UniFrance, which also gave its support for the movie’s producer, Zangro and Paris-based distributor Bac Films, is the latest French film body to side with Doucouré. Earlier this week, the country’s authors, directors and producers guild, La Société Civile des Auteurs Réalisateurs et Producteurs, known as ARP, said calls for the film’s boycott are a “grave attack on freedom of creation,” carried out by the “most conservative of Americans.”

For UniFrance, the “call to boycott the film and to have it removed from the Netflix catalog, in addition to the hate messages, insults, and unfounded speculations about the intent of the director and her producers, pose a serious threat to the very space that cinema seeks to open up: a space of discussion, reflection, and of helping us to see beyond our own preconceived ideas.”

“Over the past several weeks, we have been closely following the exceptionally violent reaction to the film in the United States, during a Presidential election campaign in full swing,” said the letter.

UniFrance said they were committed “to supporting the freedom of artistic creation and expression” to allow cinema “to reach beyond borders and boundaries, and to offer a critical and constructive viewpoint on the world and the excesses of today’s societies.”

“‘Cuties’ appeals to our sense of discernment, be that on an individual or a collective level, and calls on us to assume our responsibilities,” said the French film org.

UniFrance said it was important to ensure that Doucouré could promote her film around the world and speak freely without running the risk of receiving threats.”

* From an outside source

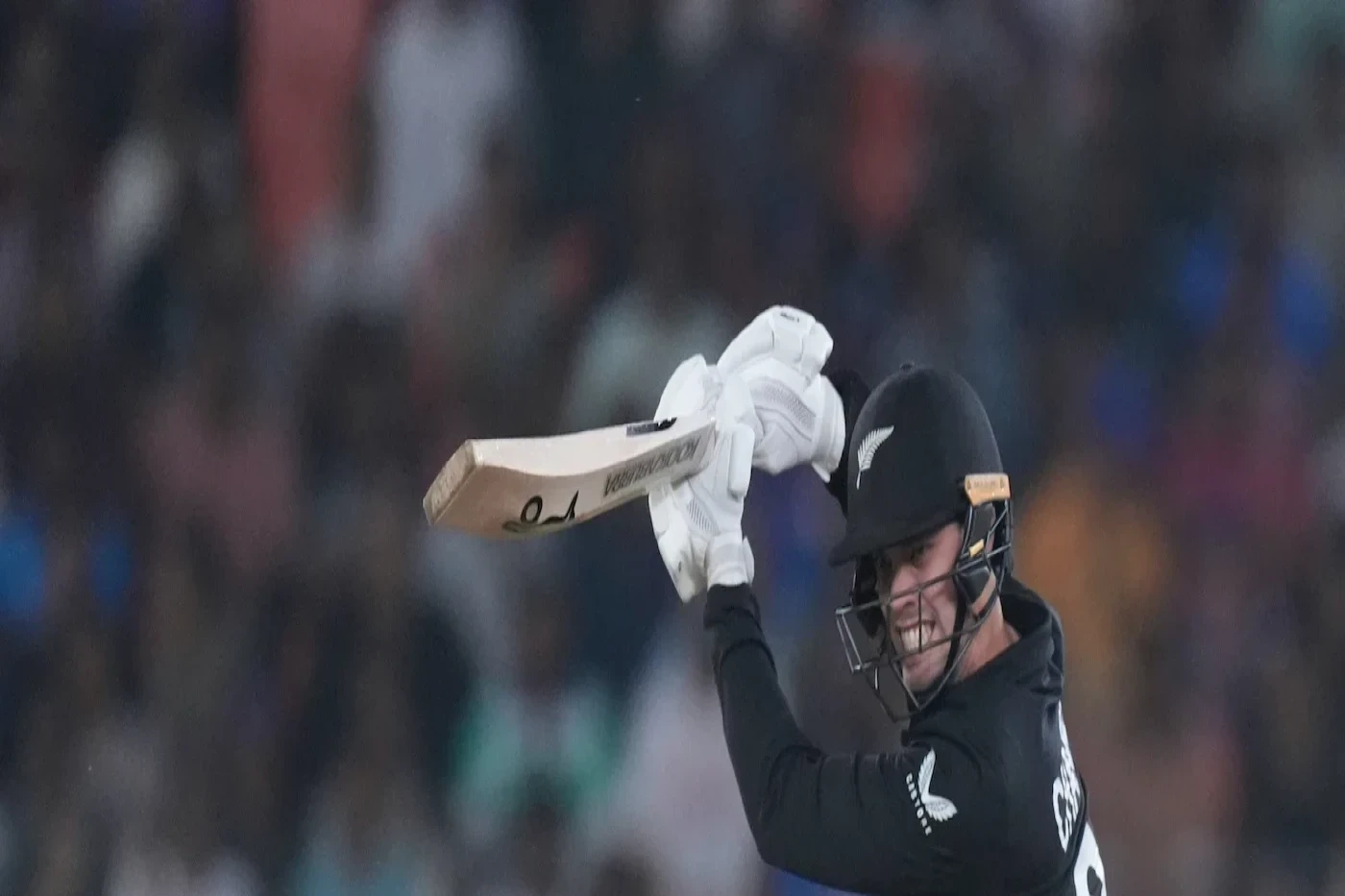 ইনজুরির কারণে ভারতের বিপক্ষে টি-টোয়েন্টি সিরিজ থেকে ছিটকে গেলেন চ্যাপম্যান ও ফোকস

A campaign waged against Netflix over “Cuties” and the film’s allegedly sexualized portrayal of children produced a surge in cancellations of Netflix subscriptions in the U.S. last weekend, according to research company YipitData, and the Council on American-Islamic Relations out of Washington, D.C. is the latest org to call on the streaming giant to pull the film due to, it claims, a stereotypical portrayal of Muslims.

“Cuties” follows an 11-year-old Senegalese girl living in Paris who joins a “free-spirited dance crew” (called “The Cuties”) to rebel against what she perceives as her Muslim family’s oppressive traditions. In the film, the conflicted protagonist, Amy, and The Cuties perform dance routines to suggestive choreography.

The backlash started last month, when Netflix unveiled a poster for the film that depicted the central characters wearing revealing dance outfits and posing provocatively. Netflix, which bought the film out of the Sundance Film Festival, apologized and withdrew the artwork. But the film itself has also been attacked for going over the line in portraying children in a sexualized manner.

Speaking on Monday as part of a virtual 10 Talents to Watch panel hosted by French promotion organization UniFrance, Doucouré said the she didn’t expect that level of criticism since the film was applauded at its Sundance debut in January, and that she’s fighting “the same fight” as her critics.

UniFrance organizes events in the U.S. throughout the year, notably the UniFrance Rendez-Vous with French Cinema in New York, in partnership with the Film at Lincoln Center.

A critically acclaimed young director, Doucouré previously helmed the short film “Maman(s),” which in 2016 won Sundance’s short film jury prize for international fiction and the Cesar award for best short film. Earlier this year, Doucouré received the Academy Gold Fellowship for Women, a prize given as part of the Academy Women’s Initiative.

The movie was released in French theaters by Bac Films on Aug. 19.